In another, a grandmother sent a baby girl for adoption without informing her parents. The child was reunited with its mother following embassy enquiries.
Fraudulent documents then record that the baby was "deserted". If the mother has a change of heart she must repay the facility for the accommodation she received.
More commonly, parents are persuaded by health officials or orphanage staff to place their children in orphanages in exchange for a typical payment of around GBP190.
They are often told they can visit the child regularly or that it will be returned to them after a few years.
"In a terrifying number of cases the parents had no idea that they would never see their child again," said Angela Aggeler, the embassy spokeswoman.
Forty-two American adoption agencies are licensed by the Vietnamese government.
Many note on their websites that they make charitable donations to orphanages in the country or fund them out right.
The average cost in official fees and travel expenses quoted to would-be adoptive parents is around GBP12,000.
According to the report, donations to the orphanages often amount to a kind of finder's fee.
One orphanage surveyed, "receives a fixed monthly donation for each child in the orphanage who is available for international adoption and the payment is made in cash directly to the orphanage director.
"This orphanage has seen the number of infants in its care increase by more than 2000 per cent in the past year, but it has not made significant increases in staff," the report states.

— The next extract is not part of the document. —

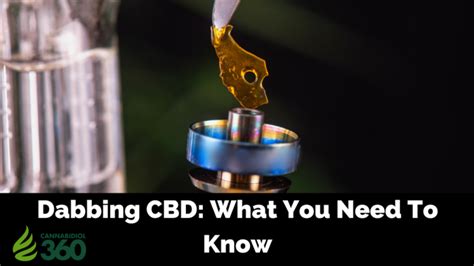 Dabbing Cbd What You Need To Know Cannabidiol 360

Some adoption agencies flew the government officials who licensed them to the United States for shopping trips - and paid for their shopping.
Vietnam's top adoption official, Vu Doc Long, called the report's allegations "groundless" and rejected DNA testing or spot-checks on orphanages as an "unacceptable" way to reduce the problem.
Last year 828 Vietnamese children were adopted to America and this year is on course to exceed that figure.
Other common destination countries include Ireland, Canada and France.
A British consular official said the number of Vietnamese children adopted to Britain averages under 10 a year.
In 2007 Angelina Jolie and Brad Pitt adopted their fourth child from Vietnam, but there is no suggestion of impropriety in their case.
Ms Aggaler said she believes the growing popularity of American adoptions from Vietnam reflects the huge number of American couples anxious to adopt, rather than people following Ms Jolie's example.
The agreement allowing American adoptions from Vietnam is due to expire in September and may not be renewed if the problems are not addressed.
"We are very committed to international adoption," said Ms Aggeler.
"We just want to make sure that no child is not really an orphan."